**Description of the task:** Once the pictures are removed, return each record below exactly as written.

**Input records:**
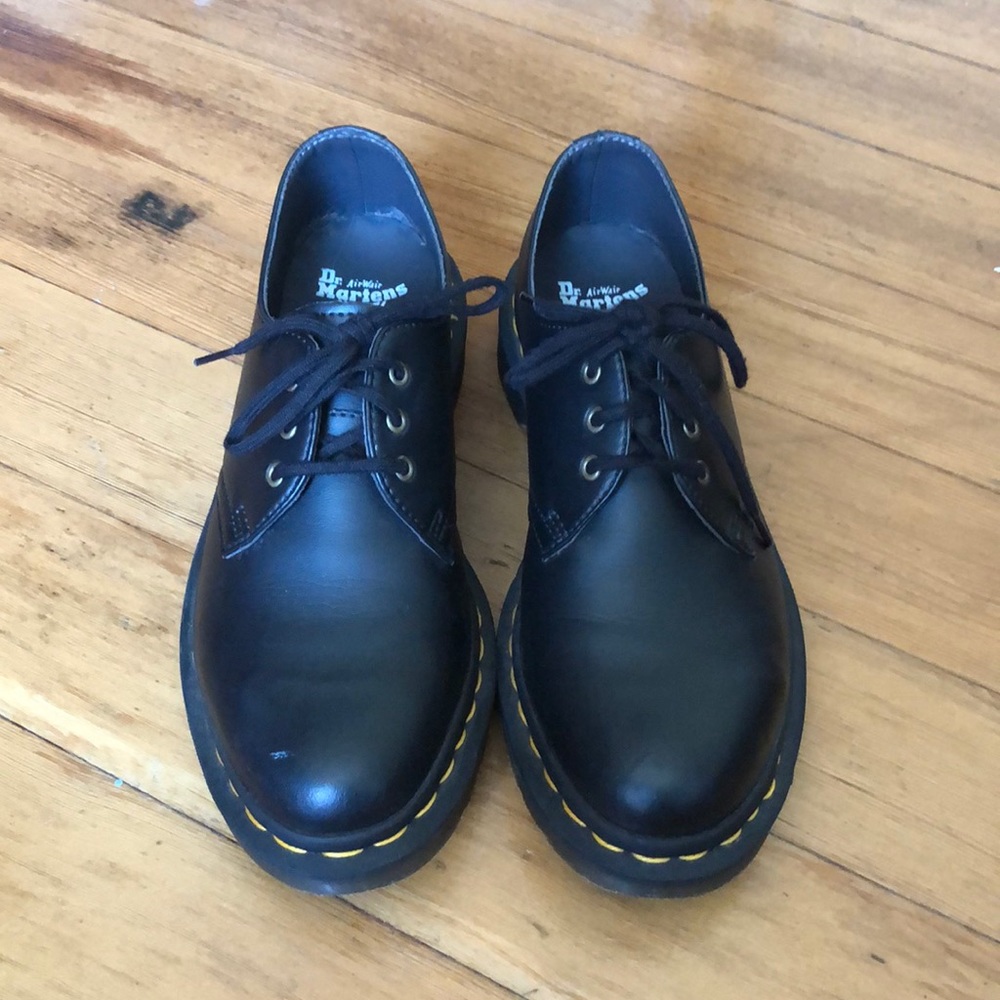 Black Vegan 1461 Oxford Doc Martens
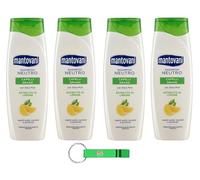 Mantovani Shampoo Neutro Capelli Grassi - Shampoo neutro per capelli grassi con estratto di limone - 400 ml + portachiavi Beni Culinari
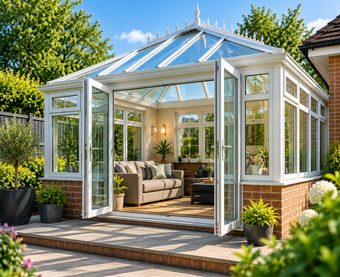 Conservatories and replacement conservatory roofs by Window Nation UK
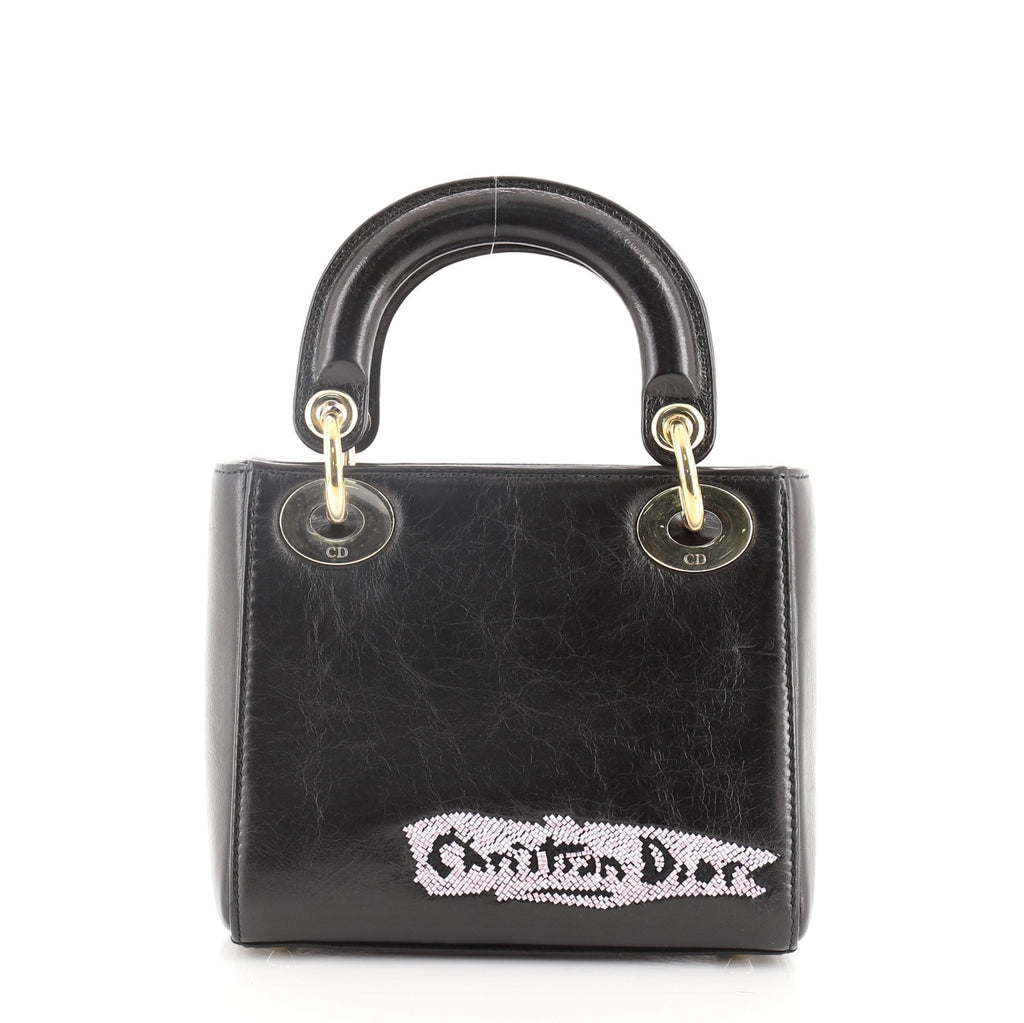 Lady Dior Bag Beaded Leather Mini
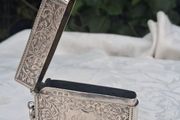 Sterling Silver Art Deco XL Vesta Case(67 grams)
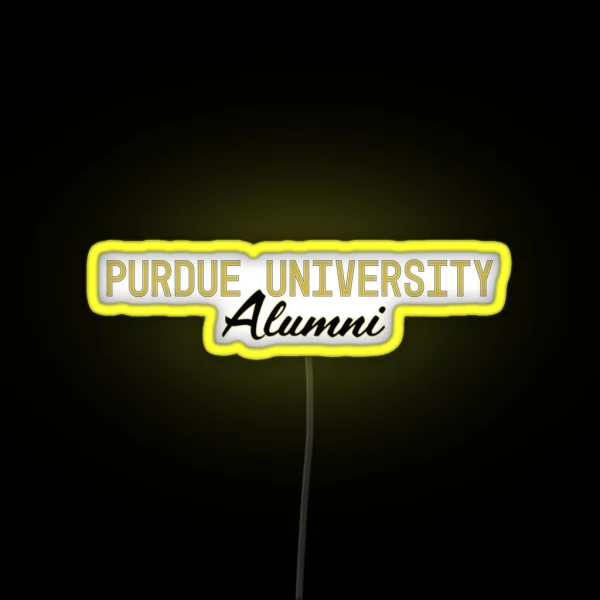 Purdue Alumni RGB Neon Sign
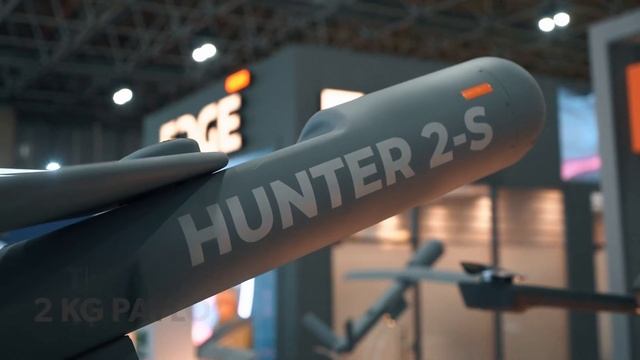 Showcasing the HUNTER 2-S Swarming Drones at LAAD 2023 | EDGE смотреть онлайн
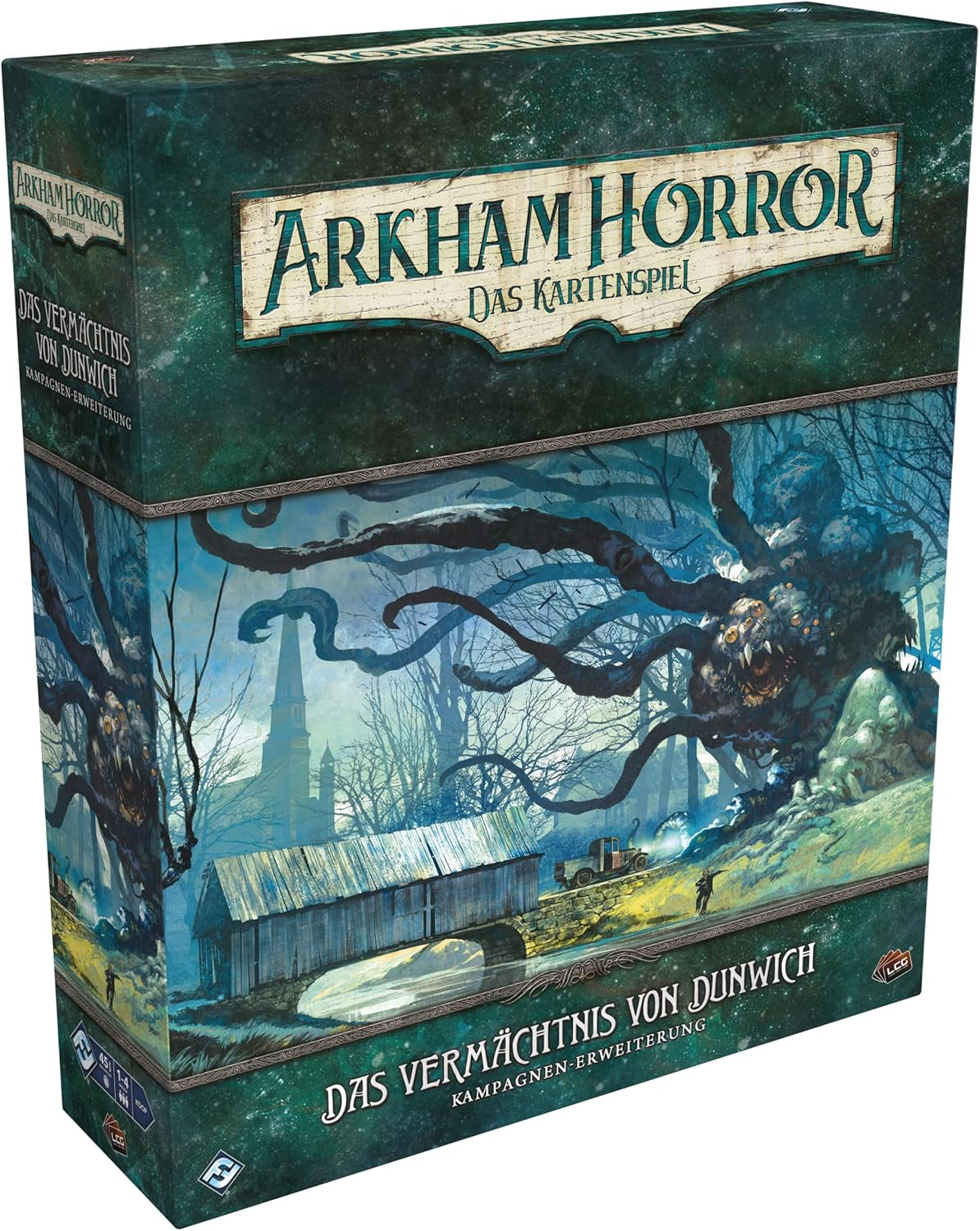 Fantasy Flight Games, Arkham Horror : LCG, jeu de base, jeu expert, jeu de cartes, 1 à 4 joueurs, à partir de 14 ans, 45 minutes et plus, allemand, multicolore, coloré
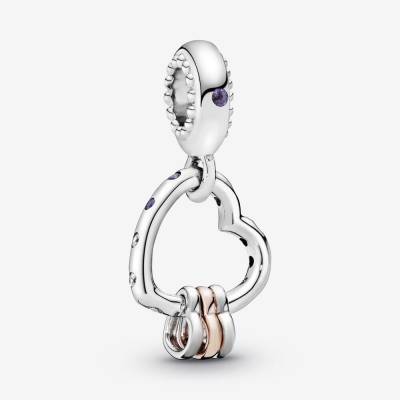 Charm Pandora Pendente Unione di cuori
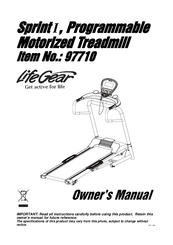 Life Gear Sprint-1 97710 Owner's Manual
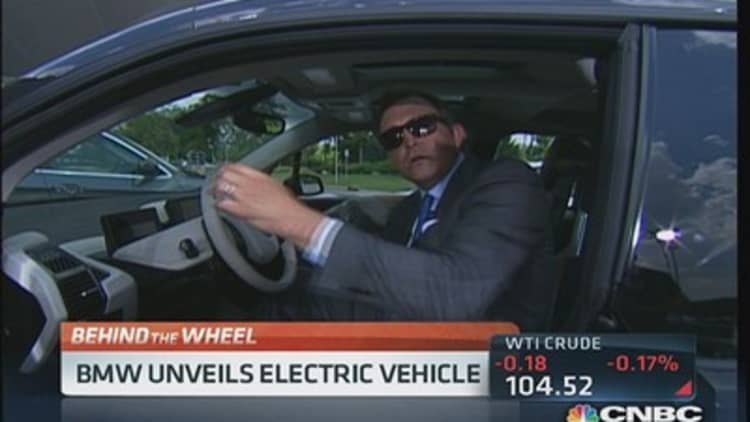 BMW unveils electric vehicle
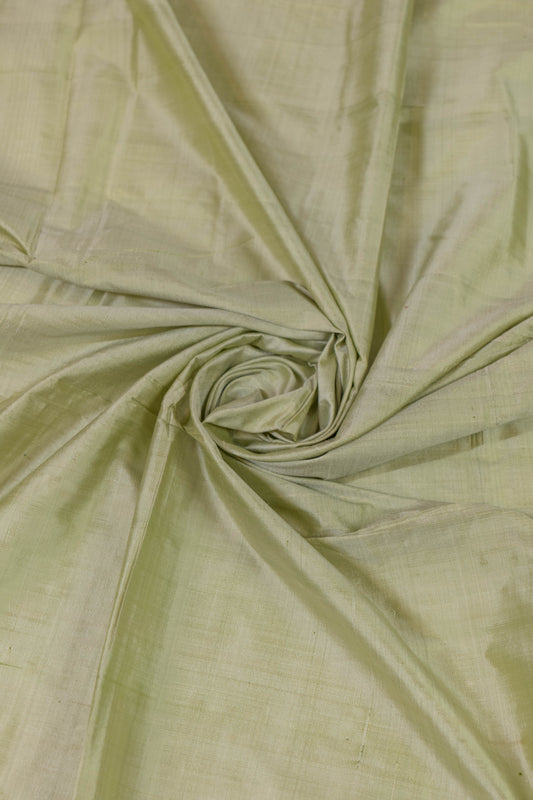 Aadrija~ Pista & Olive Green Pochampally Pure Silk Saree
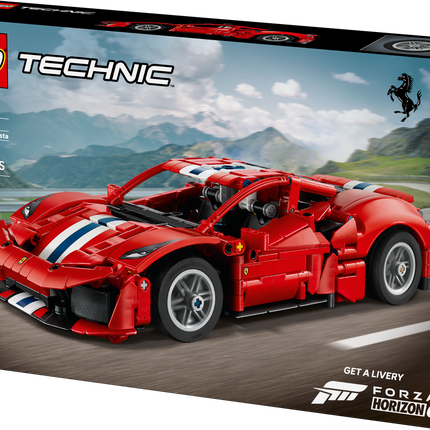 LEGO® Technic™ Ferrari 488 Pista Car, Building Toy 42235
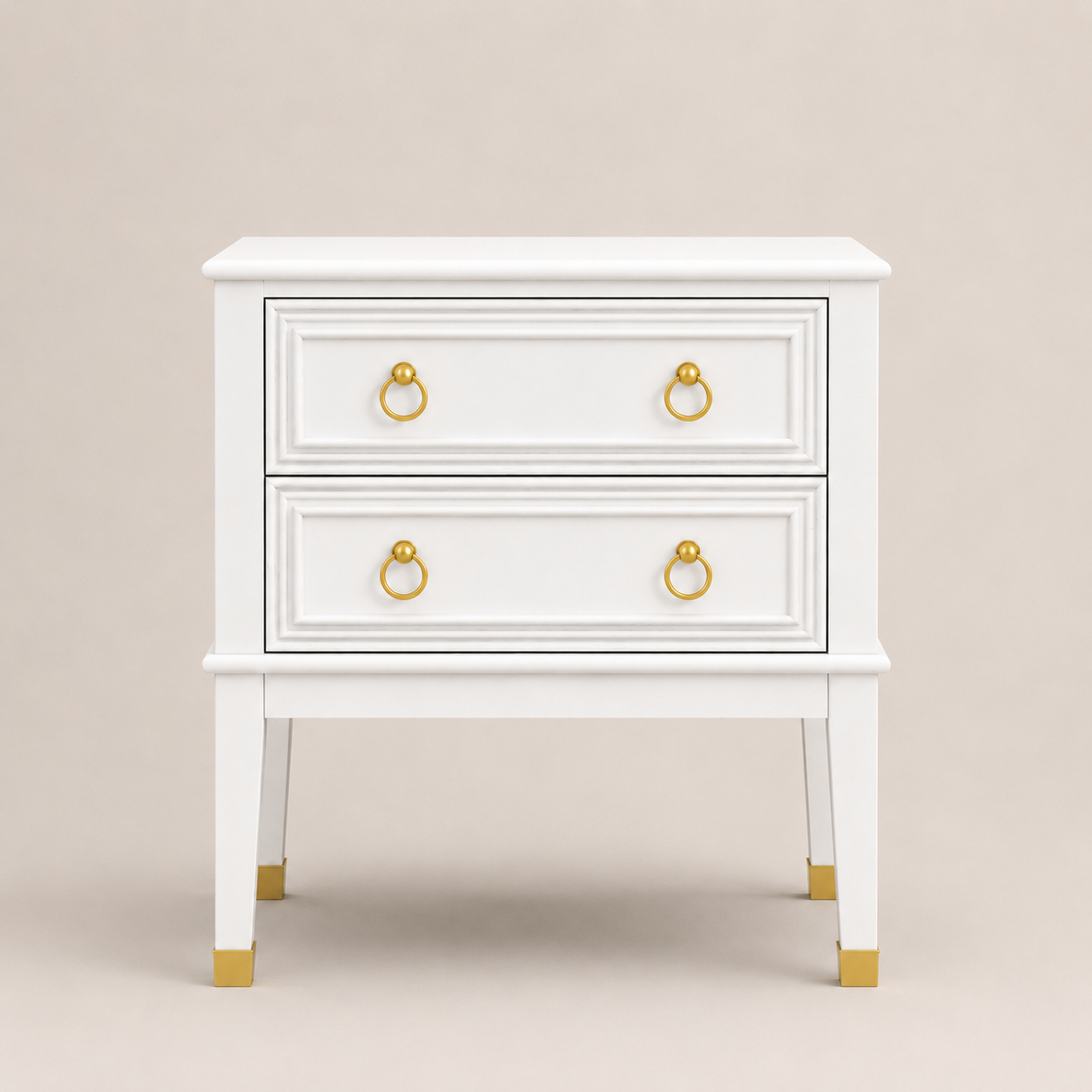 Norwood White Bedside Table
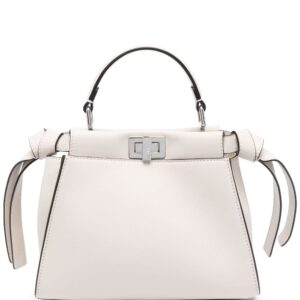 FENDI mini Peekaboo leather bag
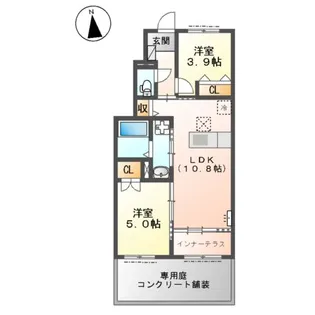 ALMO【1階】の間取り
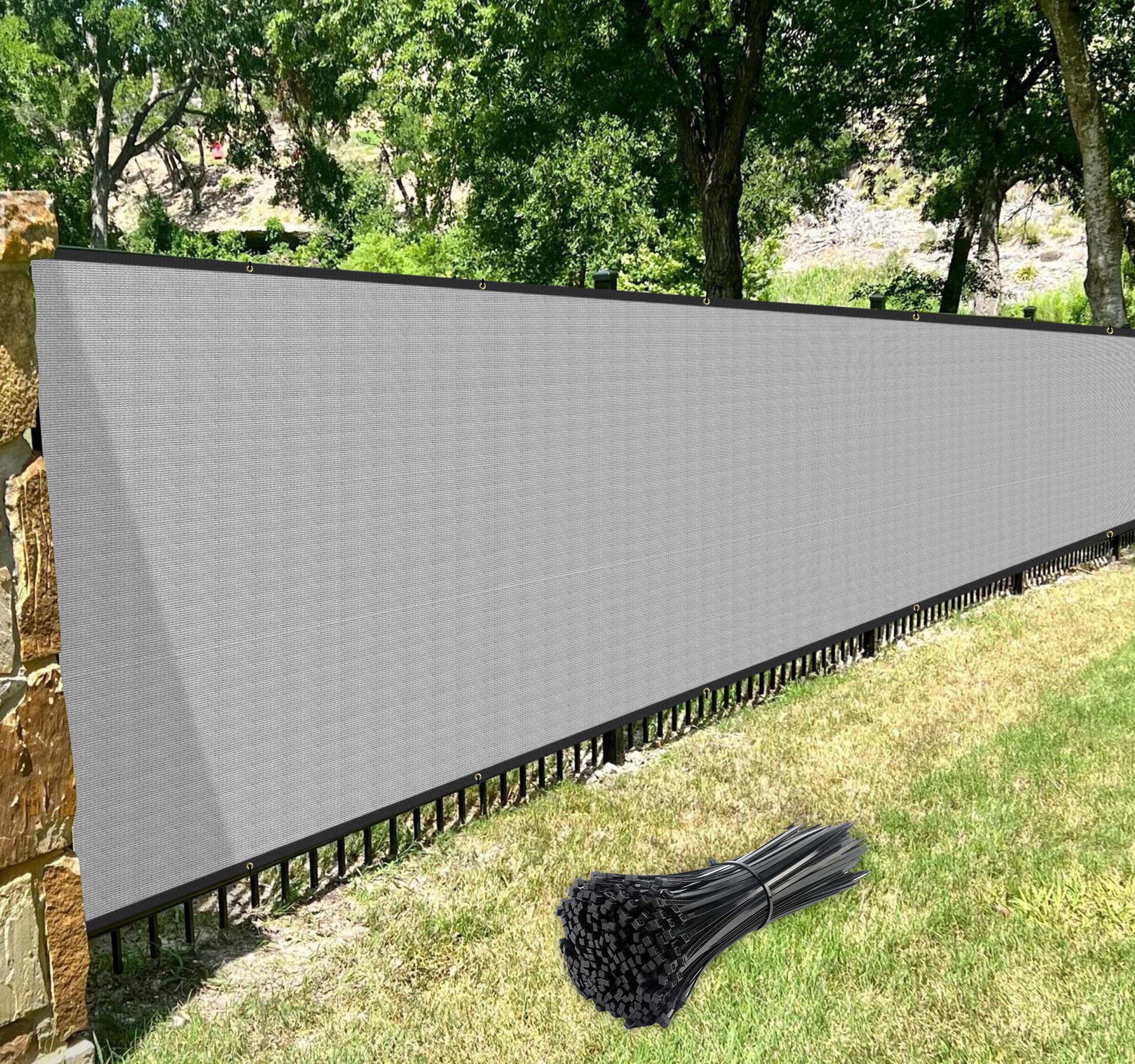 Windscreen4less custom sizing adapts to various fence lengths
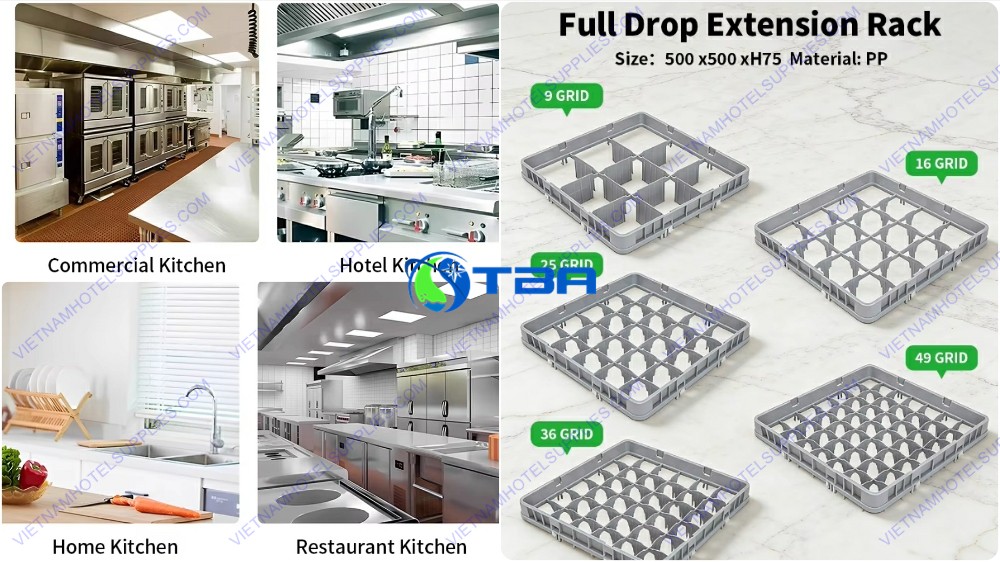 Rack đựng ly 16 ngăn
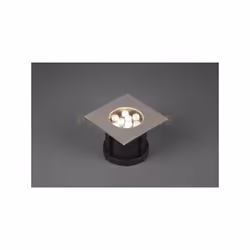 BELAJA FARO INCASSO CARRABILE LED DA ESTERNO QUADRATO ACCIAIO SATINATO MAX 2.000KG IP65 17X17CM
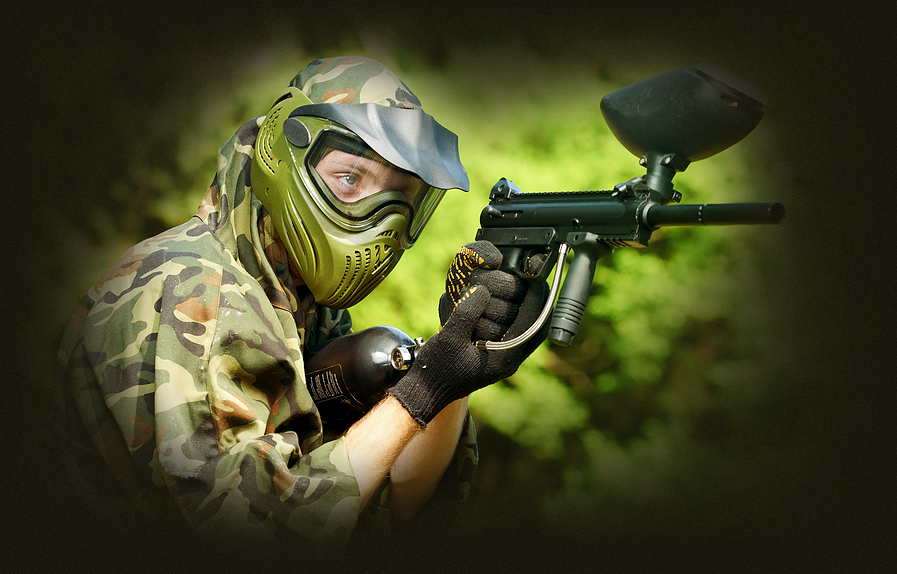 Paintballing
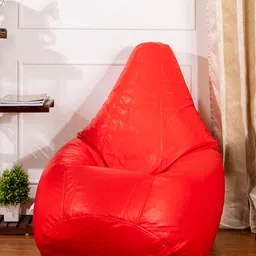 THREADVIBE LIVING Red Teardrop Bean Bag With Bean-picture-20
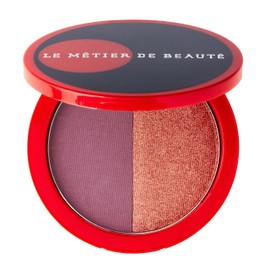 MĒTIER Blush Highlighter Duo for a Radiant Glow, Magnetic Compact (Velvet Underground)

**The completed task:**
 Black Vegan 1461 Oxford Doc Martens
 Mantovani Shampoo Neutro Capelli Grassi - Shampoo neutro per capelli grassi con estratto di limone - 400 ml + portachiavi Beni Culinari
 Conservatories and replacement conservatory roofs by Window Nation UK
 Lady Dior Bag Beaded Leather Mini
 Sterling Silver Art Deco XL Vesta Case(67 grams)
 Purdue Alumni RGB Neon Sign
 Showcasing the HUNTER 2-S Swarming Drones at LAAD 2023 | EDGE смотреть онлайн
 Fantasy Flight Games, Arkham Horror : LCG, jeu de base, jeu expert, jeu de cartes, 1 à 4 joueurs, à partir de 14 ans, 45 minutes et plus, allemand, multicolore, coloré
 Charm Pandora Pendente Unione di cuori
 Life Gear Sprint-1 97710 Owner's Manual
 BMW unveils electric vehicle
 Aadrija~ Pista & Olive Green Pochampally Pure Silk Saree
 LEGO® Technic™ Ferrari 488 Pista Car, Building Toy 42235
 Norwood White Bedside Table
 FENDI mini Peekaboo leather bag
 ALMO【1階】の間取り
 Windscreen4less custom sizing adapts to various fence lengths
 Rack đựng ly 16 ngăn
 BELAJA FARO INCASSO CARRABILE LED DA ESTERNO QUADRATO ACCIAIO SATINATO MAX 2.000KG IP65 17X17CM
 Paintballing
 THREADVIBE LIVING Red Teardrop Bean Bag With Bean-picture-20
 MĒTIER Blush Highlighter Duo for a Radiant Glow, Magnetic Compact (Velvet Underground)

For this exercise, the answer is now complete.